The lawsuit against Truman State University, the Alpha Kappa Lambda fraternity and former student and fraternity member Brandon Grossheim is moving forward with a motion hearing scheduled for Monday, Oct. 21.
The lawsuit, filed July 31, is a wrongful death suit from the parents of two students who committed suicide in the 2016-17 school year. The lawsuit claims Grossheim was close to all five people who committed suicide in that school year and was either the last person to see them alive or the first to find their body. The parents’ attorney, Nicole Gorovsky, has also accused the University of failing to be transparent about the alleged psychological manipulation occuring.
University General Counsel Warren Wells, AKL’s attorney Mark Wasinger and Grossheim’s attorney Benjamin Gray have each filed a motion to dismiss the case. Steve Smith, professor of business administration and a former practicing attorney, said the motions to dismiss seem to be standard practice.
“There’s nothing even very significant about [the motions to dismiss] at all,” Smith said. “That happens all the time. Even if you think there’s a good reason to dismiss or if you think there’s not a snowball’s chance in hell of getting it dismissed you’ll file a motion to dismiss, probably.”
Smith said the case looks to be fairly routine in its preliminary phase thus far and seems to be on a usual timeline.
Marty Jayne, professor emeritus of justice systems with a law degree, was the interfraternity council advisor in 2016-17 when the multiple suicides occurred. Jayne said he didn’t have a lot of knowledge about what was going on in relation to students’ mental health at the time because the University isn’t allowed to release personal health records of students, however, he said he was aware of increased efforts by Truman to support the men in AKL.
Gorovsky originally sued the Truman State University Foundation, which collects funds for the University, but after the foundation filed a motion stating it was the wrong party, the plaintiffs’ attorney amended the suit to sue the University itself.
“What I haven’t seen yet — and I’m waiting to see if it’s there — is any allegation in their petition about why sovereign immunity does not apply,” Jayne said. “If you sue the government, you’ve got to have an exception to the basic rule that the government can’t be sued, and there wasn’t any allegation of that in the original.”
Truman’s motion to dismiss first suggests that the University cannot be sued because of sovereign immunity, and the premise liability doesn’t apply because Truman doesn’t own the fraternity house. The motion states that Truman cannot be liable for when people commit criminal acts on its campus, only when the University or physical campus property create an issue.

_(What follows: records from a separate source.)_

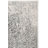 Rockport Performance Oriental Rug-1589873020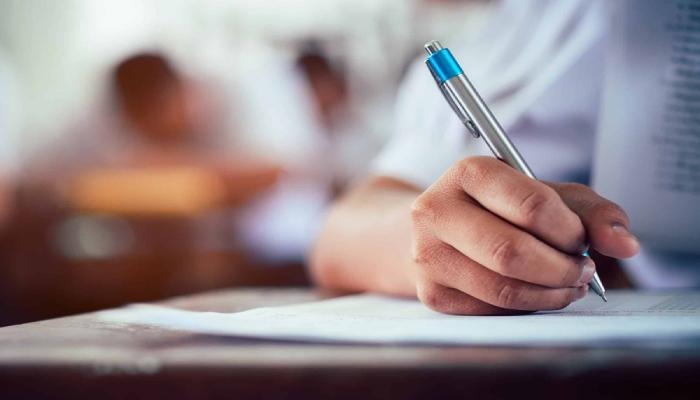 تعرف على الجداول المعدلة لامتحانات نهاية العام الدراسي 2025 في مصر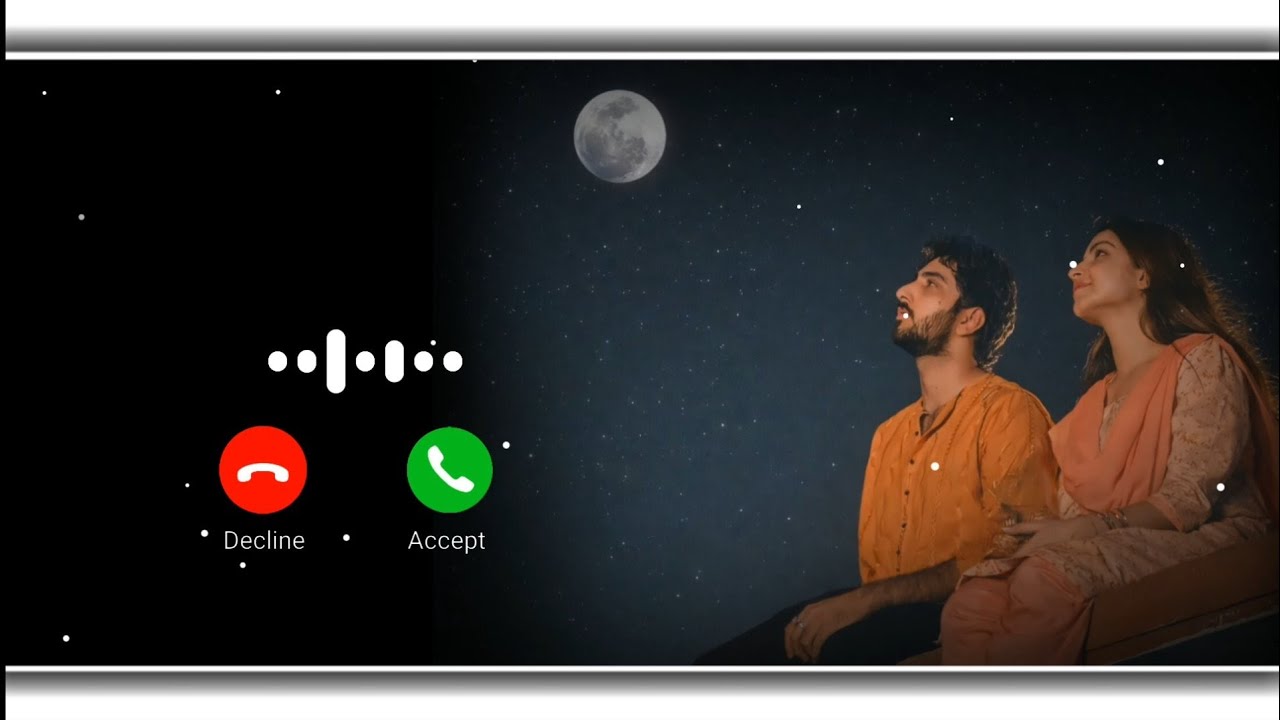 New Love Song Ringtone💞 Couple Love Ringtone BGM💞Love Ringtone BGM💞Download💞2026💞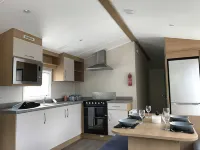 Premier Inn Newquay (Quintrell Downs) Hotels in Mitchell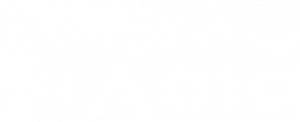 Pashto Radio logo white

AKL’s motion to dismiss suggests that because the incidents occurred in the local chapter house it does not mean that the national organization is responsible, Jayne said. The motion references the premises liability, but the lawsuit doesn’t allege that the national organization owns or operates the property. Additionally, the motion states that the lawsuit doesn’t present facts to indicate the national organization was aware of what Grossheim was allegedly doing and it doesn’t have a legal responsibility to supervise tenants or keep them safe.
In Grossheim’s motion to dismiss, the first point states that the former student wasn’t charged with anything and there’s nothing to indicate he is responsible. The motion also questions the lawsuit’s application of the negligence standard.
Jayne said if the case survives the motions to dismiss it will move to the discovery phase in which each side will attempt to learn what the other side knows and find evidence for their conclusions.
Wells declined to comment at this time. Gorovsky and Gray could not be reached as of Tuesday evening.